**Description of the task**
Quote word for word the lines starting at the line with "Накладка на задний" and ending at the final line of the entries. Leave out any pictures.

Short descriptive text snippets
■ ■ ■ ■

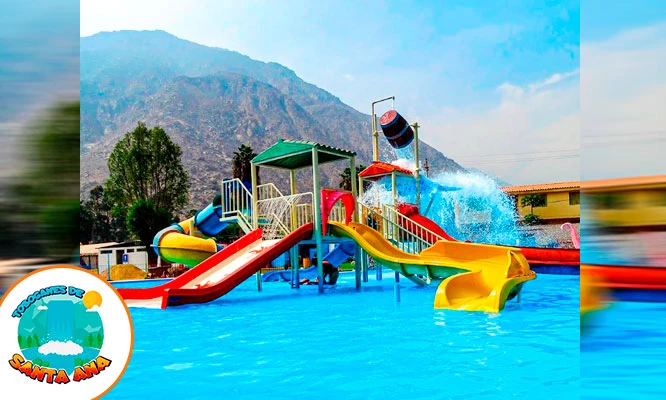 Los toboganes de Santa Ana Chosica: Ingreso con opción a almuerzo.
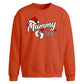 Sweet mummy to be footprint Christmas Oversized Sweatshirt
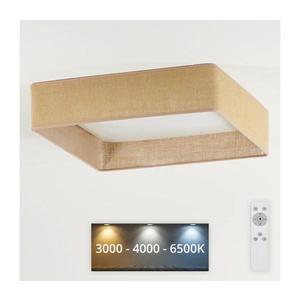 Brilagi - Corp de iluminat LED dimabil VELVET SQUARE LED/24W/230V cu telecomandă, maro imagine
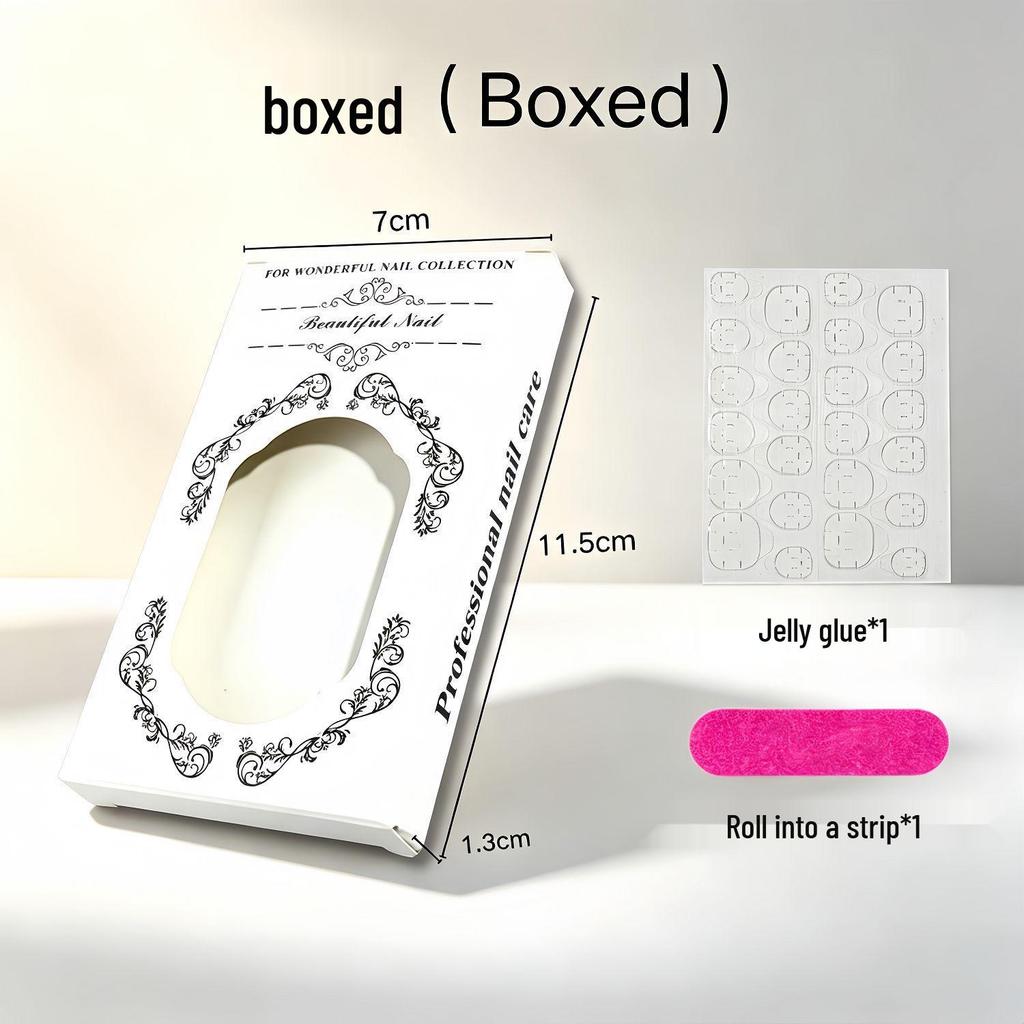 24-Piece Leopard Print French Manicure Set with Black Bow Almond-Shaped Nail Stickers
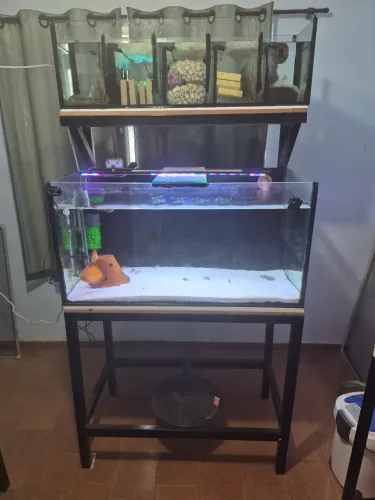 Aquário completo com sump aéreo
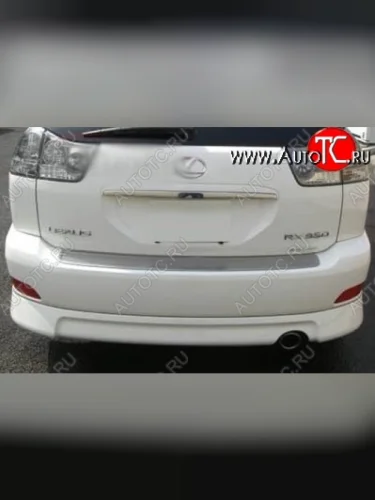 Накладка на задний бампер СТ v1 Lexus RX350 AL10 дорестайлинг (2008-2012)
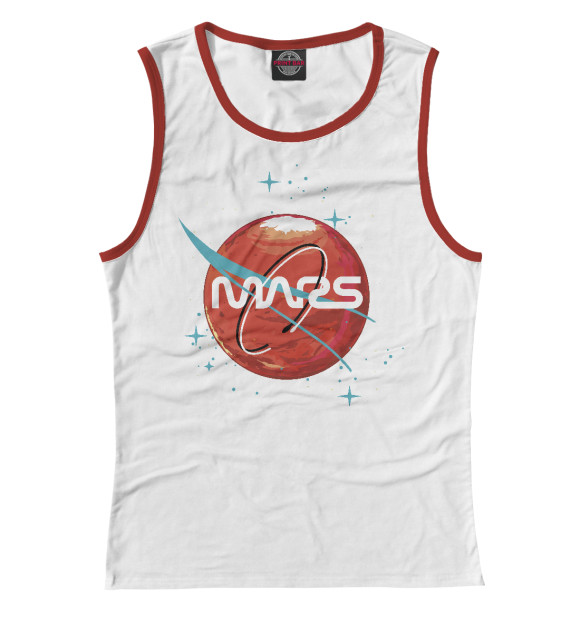 Женская майка с изображением Marsa цвета Белый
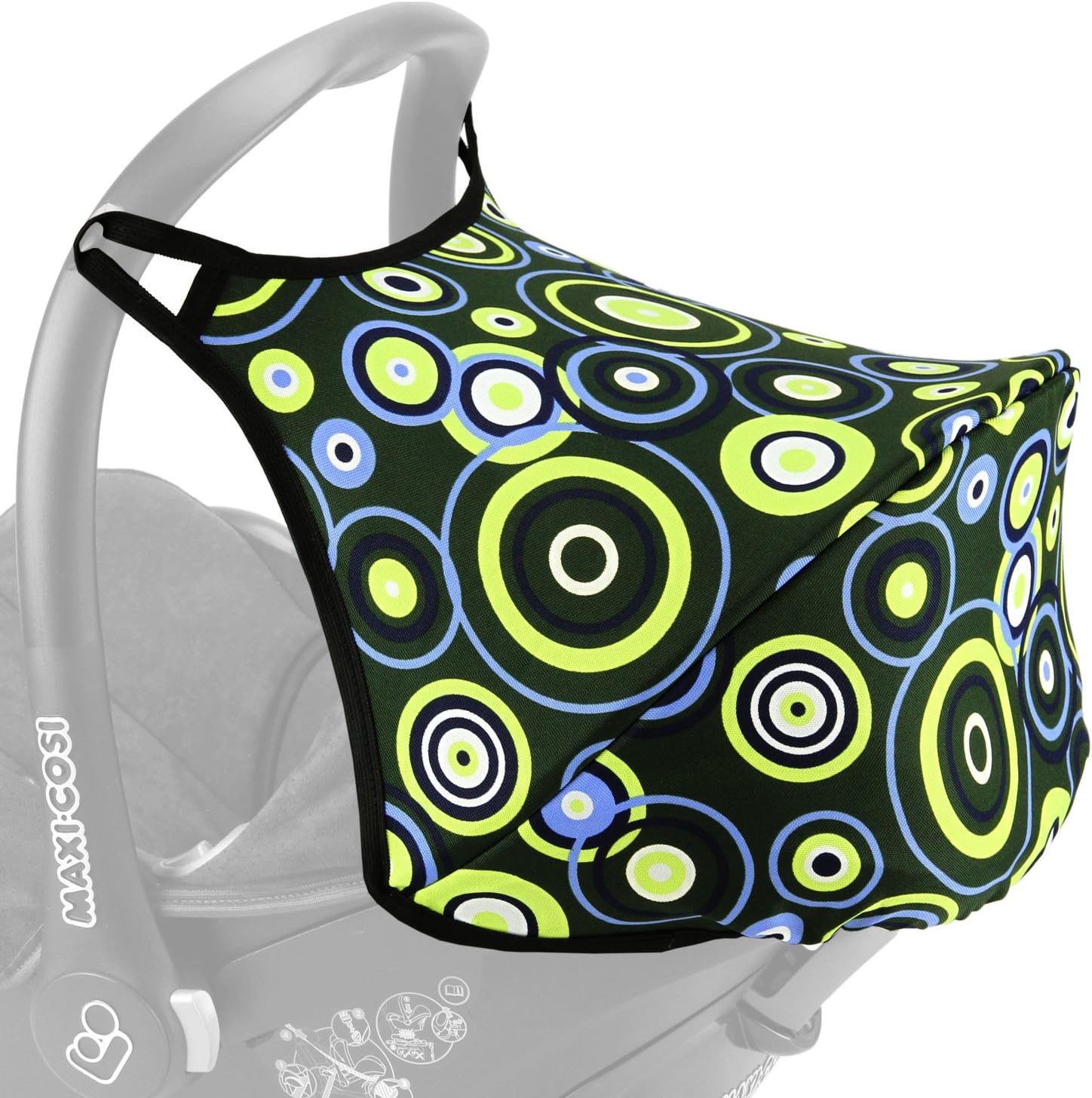 Tirrito Waterproof Car Seat Canopy for Maxi-Cosi CABRIOFIX BlackGray PVC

■ ■ ■ ■

**Output below**
 Накладка на задний бампер СТ v1 Lexus RX350 AL10 дорестайлинг (2008-2012)
 Женская майка с изображением Marsa цвета Белый
 Tirrito Waterproof Car Seat Canopy for Maxi-Cosi CABRIOFIX BlackGray PVC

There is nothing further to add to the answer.